A Poultry Pedigree

By Lauren D. Kiel

By Lauren D. Kiel

Last year in HAA 172w: “American Art and Modernity,” I learned about Robert Rauschenberg’s “combines,” the hybrids between painting and sculpture that the artist produced during the 1950s.  Particularly intriguing was “Odalisk,” in which a stuffed rooster is mounted atop a box plastered with images of female nudes.

I considered it the second best poultry art I’d ever seen.

The first is in my hometown of Gainesville, Ga. On a small patch of grass next to the IHOP rests Gainesville’s chicken statue. The statue, constructed in the late 1970s, consists of a thin, white marble obelisk rising out of a three-pronged base. Perched atop the obelisk is a life-size bronze rooster. It stoically peers down upon the center of my small town and stands perfectly straight, with nary a feather out of place.

Gainesville’s statue celebrates the town’s likely self-imposed title as “Poultry Capital of the World,” a moniker gleaned from the prevalence of chicken processing facilities in town. Fittingly, the statue is located on Jesse Jewell Parkway, named for a revolutionary in the struggle to bring white meat to middle class Americans. Jewell, a Gainesville native, streamlined the poultry processing method and helped transform my hometown into the poultry hub it is today.

In addition to honoring Gainesville’s claim to fame, the chicken statue also provides a wealth of information about the significance of our feathered friends. Copper plates attached to the faces of its base educate visitors on such important topics as “The Importance of Poultry to You.” One of the plates reads, “Poultry ranks at the top of the food list in taste, elegance, digestibility, and versatility … Wherever you live, poultry is more important to you than you may realize.”

This is particularly true if you live in Gainesville, where we take our fowl reputation seriously. For instance, within town limits it is illegal to eat chicken with a fork. Though I’m hesitant to admit in print to breaking the law, I can’t say that I eat Chick-fil-A chicken salads with my fingers. Thankfully, I’ve never really seen the law prosecuted.

It is a double-edged sword hailing from a town that is surprisingly good at processing poultry. Telling people you come from the “Poultry Capital of the World” always excites an interesting reaction. There’s a certain pride in coming from a place with character.

In 1997, a great scandal arose over the chicken statue. Overnight, as if by an act of God, the docile rooster that had spent decades faithfully manning its perch was gone. In its place appeared a supersized stainless-steel bird aggressively flapping its wings.

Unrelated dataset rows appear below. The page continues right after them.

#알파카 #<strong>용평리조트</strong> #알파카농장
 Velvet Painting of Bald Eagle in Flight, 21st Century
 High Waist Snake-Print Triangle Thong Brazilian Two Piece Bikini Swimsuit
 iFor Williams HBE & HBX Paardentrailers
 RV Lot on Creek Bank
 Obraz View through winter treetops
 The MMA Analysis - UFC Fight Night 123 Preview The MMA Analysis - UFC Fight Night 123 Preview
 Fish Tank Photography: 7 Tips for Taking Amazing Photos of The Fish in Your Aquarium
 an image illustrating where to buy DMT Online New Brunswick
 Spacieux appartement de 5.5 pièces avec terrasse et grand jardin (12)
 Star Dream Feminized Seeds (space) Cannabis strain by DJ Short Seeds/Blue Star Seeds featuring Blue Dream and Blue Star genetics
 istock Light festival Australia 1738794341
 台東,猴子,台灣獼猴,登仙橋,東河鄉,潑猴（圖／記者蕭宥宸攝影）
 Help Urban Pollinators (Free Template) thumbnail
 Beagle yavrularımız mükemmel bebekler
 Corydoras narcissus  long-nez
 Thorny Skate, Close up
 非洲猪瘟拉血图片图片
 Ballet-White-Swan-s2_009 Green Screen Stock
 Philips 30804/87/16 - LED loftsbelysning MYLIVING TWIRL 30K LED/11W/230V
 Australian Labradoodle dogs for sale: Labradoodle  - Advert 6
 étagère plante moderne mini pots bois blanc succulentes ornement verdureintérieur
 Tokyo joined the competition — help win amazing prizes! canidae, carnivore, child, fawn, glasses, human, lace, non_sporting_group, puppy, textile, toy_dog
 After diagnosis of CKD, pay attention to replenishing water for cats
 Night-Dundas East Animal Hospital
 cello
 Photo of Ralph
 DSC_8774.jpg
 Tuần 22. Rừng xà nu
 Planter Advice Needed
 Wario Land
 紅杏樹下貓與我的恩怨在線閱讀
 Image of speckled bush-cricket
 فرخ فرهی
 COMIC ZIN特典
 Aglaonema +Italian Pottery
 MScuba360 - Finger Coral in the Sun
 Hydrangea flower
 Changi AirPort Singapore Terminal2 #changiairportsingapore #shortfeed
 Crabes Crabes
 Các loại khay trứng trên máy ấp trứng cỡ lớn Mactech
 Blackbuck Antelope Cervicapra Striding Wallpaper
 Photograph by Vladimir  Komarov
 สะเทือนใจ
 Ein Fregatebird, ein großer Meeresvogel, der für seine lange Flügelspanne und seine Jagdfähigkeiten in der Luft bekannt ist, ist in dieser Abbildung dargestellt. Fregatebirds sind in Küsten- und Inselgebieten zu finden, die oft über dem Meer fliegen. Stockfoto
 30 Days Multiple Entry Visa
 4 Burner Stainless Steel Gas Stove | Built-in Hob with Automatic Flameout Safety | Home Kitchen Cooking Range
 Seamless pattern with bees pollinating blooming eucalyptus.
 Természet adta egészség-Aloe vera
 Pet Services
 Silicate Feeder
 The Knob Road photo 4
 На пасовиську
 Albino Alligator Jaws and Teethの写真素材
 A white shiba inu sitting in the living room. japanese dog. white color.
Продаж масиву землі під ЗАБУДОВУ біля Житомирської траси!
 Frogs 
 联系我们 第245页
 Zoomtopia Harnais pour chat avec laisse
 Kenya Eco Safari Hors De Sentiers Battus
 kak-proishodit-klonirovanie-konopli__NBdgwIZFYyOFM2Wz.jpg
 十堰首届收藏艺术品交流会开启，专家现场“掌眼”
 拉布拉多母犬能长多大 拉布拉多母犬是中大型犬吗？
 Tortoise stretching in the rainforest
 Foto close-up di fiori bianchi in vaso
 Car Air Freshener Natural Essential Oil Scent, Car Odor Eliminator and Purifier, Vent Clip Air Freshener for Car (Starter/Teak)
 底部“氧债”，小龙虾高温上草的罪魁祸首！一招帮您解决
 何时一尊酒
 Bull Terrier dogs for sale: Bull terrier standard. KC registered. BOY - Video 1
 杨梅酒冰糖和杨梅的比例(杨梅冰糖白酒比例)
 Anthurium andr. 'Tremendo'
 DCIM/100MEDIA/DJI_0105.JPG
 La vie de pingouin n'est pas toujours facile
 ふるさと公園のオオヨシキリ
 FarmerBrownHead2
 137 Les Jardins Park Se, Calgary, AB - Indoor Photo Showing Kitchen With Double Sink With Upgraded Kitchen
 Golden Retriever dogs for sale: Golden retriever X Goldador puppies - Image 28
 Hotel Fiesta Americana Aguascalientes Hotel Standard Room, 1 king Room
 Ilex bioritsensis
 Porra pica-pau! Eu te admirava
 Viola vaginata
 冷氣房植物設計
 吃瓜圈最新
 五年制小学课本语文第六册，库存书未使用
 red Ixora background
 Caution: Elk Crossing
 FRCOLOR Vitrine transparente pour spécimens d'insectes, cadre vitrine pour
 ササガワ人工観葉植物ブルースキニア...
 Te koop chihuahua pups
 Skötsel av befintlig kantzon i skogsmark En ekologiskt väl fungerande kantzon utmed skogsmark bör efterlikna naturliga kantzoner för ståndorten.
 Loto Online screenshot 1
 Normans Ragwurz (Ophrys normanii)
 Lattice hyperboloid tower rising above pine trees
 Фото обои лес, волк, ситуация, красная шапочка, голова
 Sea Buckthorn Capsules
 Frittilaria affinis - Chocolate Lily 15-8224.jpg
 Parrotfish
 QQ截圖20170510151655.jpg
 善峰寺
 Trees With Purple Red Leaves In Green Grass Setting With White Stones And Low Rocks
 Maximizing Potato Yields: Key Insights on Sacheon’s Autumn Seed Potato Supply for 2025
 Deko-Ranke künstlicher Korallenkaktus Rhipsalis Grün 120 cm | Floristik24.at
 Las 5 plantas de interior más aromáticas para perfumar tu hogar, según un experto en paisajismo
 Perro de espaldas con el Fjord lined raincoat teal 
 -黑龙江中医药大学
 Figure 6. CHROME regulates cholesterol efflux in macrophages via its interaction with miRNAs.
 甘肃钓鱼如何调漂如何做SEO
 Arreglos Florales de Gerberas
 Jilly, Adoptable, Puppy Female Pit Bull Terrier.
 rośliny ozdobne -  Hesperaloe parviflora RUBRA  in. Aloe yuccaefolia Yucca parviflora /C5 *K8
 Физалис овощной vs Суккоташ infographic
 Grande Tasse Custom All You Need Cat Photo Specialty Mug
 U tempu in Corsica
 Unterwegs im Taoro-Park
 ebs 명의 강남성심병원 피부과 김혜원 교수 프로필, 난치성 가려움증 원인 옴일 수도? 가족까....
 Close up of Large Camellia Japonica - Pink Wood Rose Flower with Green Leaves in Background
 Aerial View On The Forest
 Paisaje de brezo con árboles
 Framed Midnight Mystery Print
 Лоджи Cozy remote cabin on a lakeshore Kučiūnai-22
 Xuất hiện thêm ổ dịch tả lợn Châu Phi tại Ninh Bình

The public backlash was overwhelming. The local paper was filled with condemnations of the new chicken, and the city government flooded with calls. It was instantly clear that the new rooster was not going to fly in Gainesville. This was certainly not because we aren’t bold and brash like the new statue. If anything, the new version was a better representative of the strong personalities of my town’s inhabitants.

The problem was that Southerners are not much for change. In a small town like mine, tradition is valued, even when the tradition itself is not that old. Processing chicken might not be the most glamorous specialty, but we’re proud of it nonetheless.

The uproar didn’t last long—two months after it first disappeared, the faithful old chicken returned to its roost.

— Lauren D. Kiel  ’11,  a history and literature concentrator in Adams House, is a former associate managing editor for The Harvard Crimson. She still dies a little on the inside every time she eats chicken with a fork.